If z is the vertical elevation above point B and h is the total depth of water, what is the water depth at elevation z? What is the pressure at elevation z? What is the direction of the resultant force per unit area (pressure force) acting on the gate at elevations between elevation z and elevation z + dz? What is the differential area of the gate between elevations z and z + dz? What is the moment arm of this force about line B?

Chet

12. Sep 20, 2015

Sheezey

Ok so the submerged area of the plate is going to be (8ft)*(the submerged length of A to B)........

If I create a triangle on the drawing and call the unknown submerged length 'x' I get x=h/sin(60).

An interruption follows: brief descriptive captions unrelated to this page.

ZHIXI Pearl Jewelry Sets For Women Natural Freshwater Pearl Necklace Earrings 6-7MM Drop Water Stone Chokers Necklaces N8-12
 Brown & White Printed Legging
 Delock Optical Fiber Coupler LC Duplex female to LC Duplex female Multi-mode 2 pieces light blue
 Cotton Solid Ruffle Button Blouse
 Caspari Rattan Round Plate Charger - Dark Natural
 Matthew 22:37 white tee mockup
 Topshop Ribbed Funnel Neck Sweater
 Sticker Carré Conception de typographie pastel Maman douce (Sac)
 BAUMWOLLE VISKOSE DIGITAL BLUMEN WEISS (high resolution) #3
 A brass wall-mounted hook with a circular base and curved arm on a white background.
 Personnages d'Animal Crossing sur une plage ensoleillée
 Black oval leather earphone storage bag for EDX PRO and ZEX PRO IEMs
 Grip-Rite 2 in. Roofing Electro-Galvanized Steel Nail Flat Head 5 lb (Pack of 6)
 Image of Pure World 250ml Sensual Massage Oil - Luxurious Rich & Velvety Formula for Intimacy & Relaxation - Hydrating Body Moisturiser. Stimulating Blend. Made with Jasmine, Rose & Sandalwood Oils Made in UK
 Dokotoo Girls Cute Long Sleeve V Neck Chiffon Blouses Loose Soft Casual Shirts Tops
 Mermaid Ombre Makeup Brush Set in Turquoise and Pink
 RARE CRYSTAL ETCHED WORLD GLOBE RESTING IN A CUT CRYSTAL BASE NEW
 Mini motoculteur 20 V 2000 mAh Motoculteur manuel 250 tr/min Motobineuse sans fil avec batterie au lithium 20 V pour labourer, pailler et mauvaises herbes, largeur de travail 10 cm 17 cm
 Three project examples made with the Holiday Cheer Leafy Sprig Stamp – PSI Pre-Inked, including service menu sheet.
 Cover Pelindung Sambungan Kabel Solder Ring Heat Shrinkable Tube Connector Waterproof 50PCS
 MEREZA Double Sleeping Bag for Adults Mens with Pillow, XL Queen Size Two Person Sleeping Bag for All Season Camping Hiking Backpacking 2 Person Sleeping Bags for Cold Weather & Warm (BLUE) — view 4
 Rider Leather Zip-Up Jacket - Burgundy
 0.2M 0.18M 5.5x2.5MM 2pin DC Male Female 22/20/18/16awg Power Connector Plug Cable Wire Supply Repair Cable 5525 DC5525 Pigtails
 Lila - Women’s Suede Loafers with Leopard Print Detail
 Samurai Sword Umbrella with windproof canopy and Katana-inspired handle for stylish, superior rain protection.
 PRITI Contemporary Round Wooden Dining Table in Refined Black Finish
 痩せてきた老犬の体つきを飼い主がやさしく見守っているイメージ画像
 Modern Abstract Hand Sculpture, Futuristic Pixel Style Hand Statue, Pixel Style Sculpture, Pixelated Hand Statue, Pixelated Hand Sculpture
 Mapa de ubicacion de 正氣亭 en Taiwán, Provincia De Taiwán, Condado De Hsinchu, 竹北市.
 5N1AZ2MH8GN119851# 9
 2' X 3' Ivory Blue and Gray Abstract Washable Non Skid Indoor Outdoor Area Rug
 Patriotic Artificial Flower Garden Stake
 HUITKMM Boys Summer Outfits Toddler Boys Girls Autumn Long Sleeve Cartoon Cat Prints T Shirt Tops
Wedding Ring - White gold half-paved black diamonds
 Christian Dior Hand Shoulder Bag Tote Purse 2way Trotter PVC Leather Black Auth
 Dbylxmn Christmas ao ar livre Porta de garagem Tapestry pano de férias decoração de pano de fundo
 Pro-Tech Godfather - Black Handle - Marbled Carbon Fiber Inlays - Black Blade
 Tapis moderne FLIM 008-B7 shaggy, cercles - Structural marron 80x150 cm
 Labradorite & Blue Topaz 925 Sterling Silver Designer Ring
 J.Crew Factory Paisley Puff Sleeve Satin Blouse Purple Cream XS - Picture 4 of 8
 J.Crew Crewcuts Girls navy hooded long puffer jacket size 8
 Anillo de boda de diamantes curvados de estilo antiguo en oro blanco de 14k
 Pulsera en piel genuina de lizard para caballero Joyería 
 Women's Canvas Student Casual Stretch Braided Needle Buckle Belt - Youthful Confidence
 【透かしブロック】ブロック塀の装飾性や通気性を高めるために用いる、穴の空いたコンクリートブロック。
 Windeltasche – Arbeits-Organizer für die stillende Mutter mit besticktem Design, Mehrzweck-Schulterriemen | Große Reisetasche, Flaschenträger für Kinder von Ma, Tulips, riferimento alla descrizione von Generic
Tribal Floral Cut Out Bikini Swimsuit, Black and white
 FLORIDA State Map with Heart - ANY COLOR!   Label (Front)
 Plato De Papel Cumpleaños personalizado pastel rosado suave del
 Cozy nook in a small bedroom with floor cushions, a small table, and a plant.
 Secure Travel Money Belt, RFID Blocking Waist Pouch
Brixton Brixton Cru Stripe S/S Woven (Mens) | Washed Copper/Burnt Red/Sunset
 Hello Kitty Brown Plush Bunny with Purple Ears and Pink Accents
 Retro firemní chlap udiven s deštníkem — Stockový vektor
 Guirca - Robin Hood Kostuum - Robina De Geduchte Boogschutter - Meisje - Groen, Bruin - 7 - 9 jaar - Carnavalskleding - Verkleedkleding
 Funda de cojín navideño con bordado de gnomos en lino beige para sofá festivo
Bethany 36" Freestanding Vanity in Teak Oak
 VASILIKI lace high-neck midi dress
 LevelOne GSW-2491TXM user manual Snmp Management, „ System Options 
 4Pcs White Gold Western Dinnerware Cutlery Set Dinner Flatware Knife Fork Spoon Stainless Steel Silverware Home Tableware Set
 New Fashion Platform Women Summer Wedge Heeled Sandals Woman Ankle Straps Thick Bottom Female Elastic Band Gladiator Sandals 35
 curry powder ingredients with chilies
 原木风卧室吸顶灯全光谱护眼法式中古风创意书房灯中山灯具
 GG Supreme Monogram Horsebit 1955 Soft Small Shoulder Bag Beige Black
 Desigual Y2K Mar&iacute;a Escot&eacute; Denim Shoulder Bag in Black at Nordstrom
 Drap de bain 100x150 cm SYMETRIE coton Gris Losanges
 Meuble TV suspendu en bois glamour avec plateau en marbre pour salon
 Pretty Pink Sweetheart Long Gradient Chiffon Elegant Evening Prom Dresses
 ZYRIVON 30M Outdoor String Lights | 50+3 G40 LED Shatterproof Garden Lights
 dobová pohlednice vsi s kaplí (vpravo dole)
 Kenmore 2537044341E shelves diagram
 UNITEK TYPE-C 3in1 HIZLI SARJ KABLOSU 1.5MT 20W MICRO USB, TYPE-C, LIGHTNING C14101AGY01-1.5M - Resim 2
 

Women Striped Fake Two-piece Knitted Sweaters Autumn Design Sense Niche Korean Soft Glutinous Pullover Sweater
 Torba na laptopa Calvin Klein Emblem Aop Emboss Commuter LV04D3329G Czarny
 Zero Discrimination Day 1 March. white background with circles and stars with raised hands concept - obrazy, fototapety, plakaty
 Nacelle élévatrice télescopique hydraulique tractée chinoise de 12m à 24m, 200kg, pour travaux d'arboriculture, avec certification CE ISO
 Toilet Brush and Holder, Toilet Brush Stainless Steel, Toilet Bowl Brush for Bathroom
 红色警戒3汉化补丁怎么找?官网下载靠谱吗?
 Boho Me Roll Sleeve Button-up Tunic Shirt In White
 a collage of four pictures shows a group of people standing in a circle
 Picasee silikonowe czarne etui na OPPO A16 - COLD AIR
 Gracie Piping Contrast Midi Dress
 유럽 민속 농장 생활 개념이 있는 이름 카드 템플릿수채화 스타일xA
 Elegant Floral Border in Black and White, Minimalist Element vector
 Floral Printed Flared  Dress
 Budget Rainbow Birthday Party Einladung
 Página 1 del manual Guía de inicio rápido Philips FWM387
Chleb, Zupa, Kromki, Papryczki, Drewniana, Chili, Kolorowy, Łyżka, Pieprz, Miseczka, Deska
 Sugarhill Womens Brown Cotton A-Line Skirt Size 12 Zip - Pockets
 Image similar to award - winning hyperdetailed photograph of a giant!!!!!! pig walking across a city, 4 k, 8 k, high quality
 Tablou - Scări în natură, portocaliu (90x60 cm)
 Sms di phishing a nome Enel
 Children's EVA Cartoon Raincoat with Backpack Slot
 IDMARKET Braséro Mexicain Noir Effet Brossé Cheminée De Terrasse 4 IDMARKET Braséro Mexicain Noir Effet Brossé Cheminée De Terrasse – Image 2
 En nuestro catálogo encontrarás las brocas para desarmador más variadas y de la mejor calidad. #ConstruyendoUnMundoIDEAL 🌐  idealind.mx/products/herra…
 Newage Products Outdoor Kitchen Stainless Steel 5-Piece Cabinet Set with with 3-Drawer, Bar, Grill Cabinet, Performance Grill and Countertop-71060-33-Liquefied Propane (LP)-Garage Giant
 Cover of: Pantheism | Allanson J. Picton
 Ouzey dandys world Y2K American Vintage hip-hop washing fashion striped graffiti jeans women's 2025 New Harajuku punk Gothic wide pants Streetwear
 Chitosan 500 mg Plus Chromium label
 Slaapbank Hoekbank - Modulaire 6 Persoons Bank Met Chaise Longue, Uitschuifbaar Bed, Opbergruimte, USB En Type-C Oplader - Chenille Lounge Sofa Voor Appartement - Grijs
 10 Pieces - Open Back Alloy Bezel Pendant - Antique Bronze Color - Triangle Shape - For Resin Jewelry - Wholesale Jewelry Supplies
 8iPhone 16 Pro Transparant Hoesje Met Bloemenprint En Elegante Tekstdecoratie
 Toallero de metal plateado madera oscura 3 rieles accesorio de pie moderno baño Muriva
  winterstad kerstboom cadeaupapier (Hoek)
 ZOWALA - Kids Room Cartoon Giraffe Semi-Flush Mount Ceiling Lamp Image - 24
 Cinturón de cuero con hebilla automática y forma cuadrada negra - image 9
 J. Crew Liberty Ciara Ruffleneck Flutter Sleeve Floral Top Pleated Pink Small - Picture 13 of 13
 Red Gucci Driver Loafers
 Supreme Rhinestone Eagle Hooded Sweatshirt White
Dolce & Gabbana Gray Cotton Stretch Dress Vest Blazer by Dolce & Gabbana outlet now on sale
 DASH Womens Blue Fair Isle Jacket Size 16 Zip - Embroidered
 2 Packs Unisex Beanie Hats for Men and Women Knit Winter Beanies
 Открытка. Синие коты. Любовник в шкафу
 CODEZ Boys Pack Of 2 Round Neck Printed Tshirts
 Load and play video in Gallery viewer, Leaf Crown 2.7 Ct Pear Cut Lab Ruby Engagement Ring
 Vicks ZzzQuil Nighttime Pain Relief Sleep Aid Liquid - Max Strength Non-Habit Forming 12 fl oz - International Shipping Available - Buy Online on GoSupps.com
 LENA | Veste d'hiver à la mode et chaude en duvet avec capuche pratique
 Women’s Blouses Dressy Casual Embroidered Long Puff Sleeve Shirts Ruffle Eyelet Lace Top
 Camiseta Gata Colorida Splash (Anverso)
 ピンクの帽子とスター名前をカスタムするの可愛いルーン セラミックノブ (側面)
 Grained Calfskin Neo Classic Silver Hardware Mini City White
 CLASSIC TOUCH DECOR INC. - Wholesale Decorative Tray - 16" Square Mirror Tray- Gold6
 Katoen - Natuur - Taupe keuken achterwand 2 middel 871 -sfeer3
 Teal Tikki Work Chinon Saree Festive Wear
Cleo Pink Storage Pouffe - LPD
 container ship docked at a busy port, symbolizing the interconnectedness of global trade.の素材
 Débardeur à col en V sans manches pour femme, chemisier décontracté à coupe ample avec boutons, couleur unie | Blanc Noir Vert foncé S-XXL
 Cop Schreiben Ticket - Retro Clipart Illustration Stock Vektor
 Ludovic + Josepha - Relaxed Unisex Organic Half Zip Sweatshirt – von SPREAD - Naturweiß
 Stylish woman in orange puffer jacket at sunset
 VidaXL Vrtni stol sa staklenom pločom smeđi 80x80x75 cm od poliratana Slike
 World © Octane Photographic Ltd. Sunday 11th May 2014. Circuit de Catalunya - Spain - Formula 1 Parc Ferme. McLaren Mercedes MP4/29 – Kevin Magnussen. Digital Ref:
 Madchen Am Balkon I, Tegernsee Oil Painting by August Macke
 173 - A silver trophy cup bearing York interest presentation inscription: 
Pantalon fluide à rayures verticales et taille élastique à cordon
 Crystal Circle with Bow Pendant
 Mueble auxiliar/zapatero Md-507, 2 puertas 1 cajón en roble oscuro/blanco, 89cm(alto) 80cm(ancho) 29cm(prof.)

Now I can plug that into the original equation I was asking about, hydrostatic force. So I now have F = (62.3lb/ft3)(h/2)(8*h*csc(60)) = 287.8h2

So looking at my moments I have my weight force, my 10,000 force and my hydrostatic force F acting on the plate. I should be able to sum up the moments to find h.

I have

M = -(150,000lbft) + (18339.6lbft) + 287.8h2(some distance from b) = 0

Does that look like the right direction so far?

13. Sep 20, 2015

Sheezey

Ok got it! The "some distance from b" in my moment equation is = to Ycp. Which requires me to find the moment of inertia.

Ixx = (1/12)(8)(hcsc(60))3

Ycp = (Ixx(8)(hcsc(60))3sin(60))/((h/2)(8hcsc(60))

M = -150000+18339.6+287.8h2(Ycp) = 0 solve for h

∴ h = 10.59 ft

14. Sep 20, 2015

Staff: Mentor

I really hate the idea of using memorized equations, like those for Ycp and Ixx. Using the simple method I outlined in post #11, you get a moment about axis B of $$M=\frac{ρgwh^3}{6}\csc^2(60)$$
where w = 8 ft. This leads to the same value for h that you obtained.

Chet

15. Sep 20, 2015

Sheezey

Interesting. I understand what you mean. That is a great way to look at it. Good advice. Thank you for your help.